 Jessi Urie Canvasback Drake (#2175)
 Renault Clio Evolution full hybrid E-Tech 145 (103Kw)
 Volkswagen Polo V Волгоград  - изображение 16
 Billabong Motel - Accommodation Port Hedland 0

---

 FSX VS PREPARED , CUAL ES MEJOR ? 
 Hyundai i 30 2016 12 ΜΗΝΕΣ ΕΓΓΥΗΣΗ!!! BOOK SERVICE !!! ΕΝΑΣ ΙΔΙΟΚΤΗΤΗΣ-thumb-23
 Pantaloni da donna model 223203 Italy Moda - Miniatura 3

**PROBLEM REQUIREMENTS:** Starting at the line that has "Jessi Urie Canvasback Drake (#2175)" and ending at the line that has "Billabong Motel - Accommodation", please write out the lines above exactly, leaving out all others.

**TASK RESPONSE:**
 Jessi Urie Canvasback Drake (#2175)
 Renault Clio Evolution full hybrid E-Tech 145 (103Kw)
 Volkswagen Polo V Волгоград  - изображение 16
 Billabong Motel - Accommodation Port Hedland 0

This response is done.